First, the good news. In most states, foreclosure is a very long process. It could take 6 month to a year and a half to complete. So, you have some time to get yourself back on the right track. Don't fall any further behind. Make regular payments to the lender. If they won't accept anything other than a lump sum, just keep saving the money. In most states you have a right to cure, which means that you can bring the account current and pay any fees incurred by the lender to collect the amount owed. By curring the account, you will stop the foreclosure. Because one can cure the loan, and because it takes such a long time to foreclose (usually), one should have plenty of time to borrower from a retirement plan or otherwise.

More good news; the forbearance agreement might not have an effect on the terms or the original note and mortgage. This means that a default is a default, regardless of whether or not there is a forbearance agreement. The lender isn't entitled to any special treatment and cannot speed up the process just because you've defaulted on the forbearance agreement.

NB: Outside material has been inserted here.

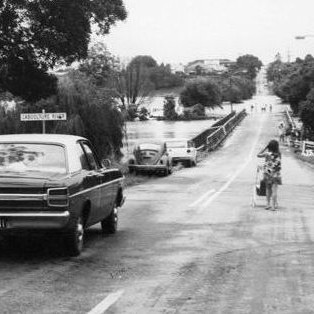 Caboolture River waters receding during floods in the 1970s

Now, some bad news. If, when you signed the forbearance agreement, the foreclosure process was nearly complete, then the time that you have to cure might be less than what it would be if the process just started. In most cases you have right up until before the property is auctioned at the courthouse to cure. The costs that the lender incurs to foreclose can be high. Attorneys fees could run anywhere from $2000 and more. Court costs could run as much as $1000. These fees along with the late payments, fees and penalties can amount to a lot of money.

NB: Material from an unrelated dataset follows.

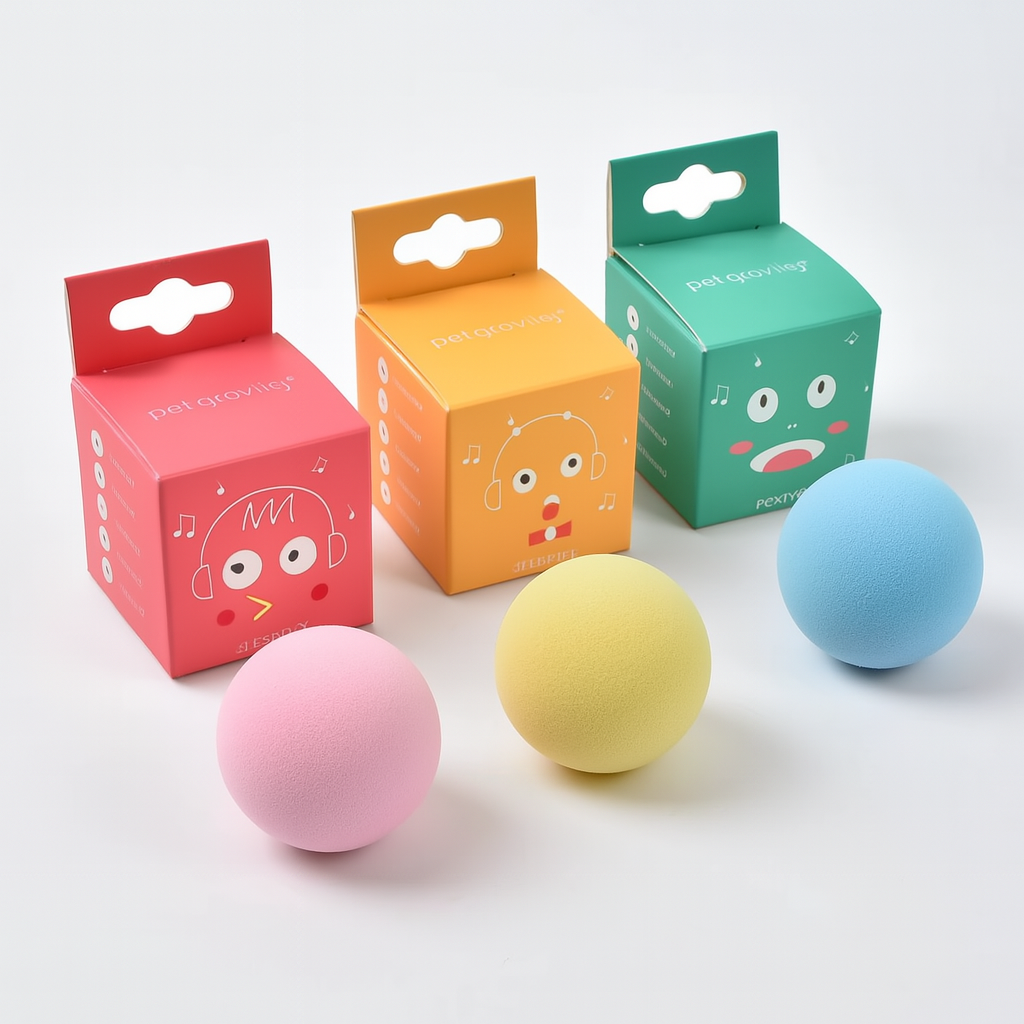Colorful packaging boxes with corresponding balls on a white background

Did the writer "blow it"? I don't know. What I do know it that we as lenders are not at all interested in foreclosing, and would prefer to do just about anything but foreclose. I think that as long as the writer can get back on track with this, then she will probably be okay.

If a lender has to foreclose, then he must report the loan as 'non-performing' and reserve for the possible loss. To reserve means to set aside some money out of profits for potential loss(es). This reserve account is established from when the loan first goes 60 days late until the time that the property becomes OREO. No, the lender isn't making cookies! OREO means "other real estate owned".

In summary, the answers to the writers questions, at least in my opinion are:
  1. The fees could run into the thousands of dollars and will need to be remitted along with the past due payments.
  2. You should have plenty of time to bring the loan current and get it out of foreclosure.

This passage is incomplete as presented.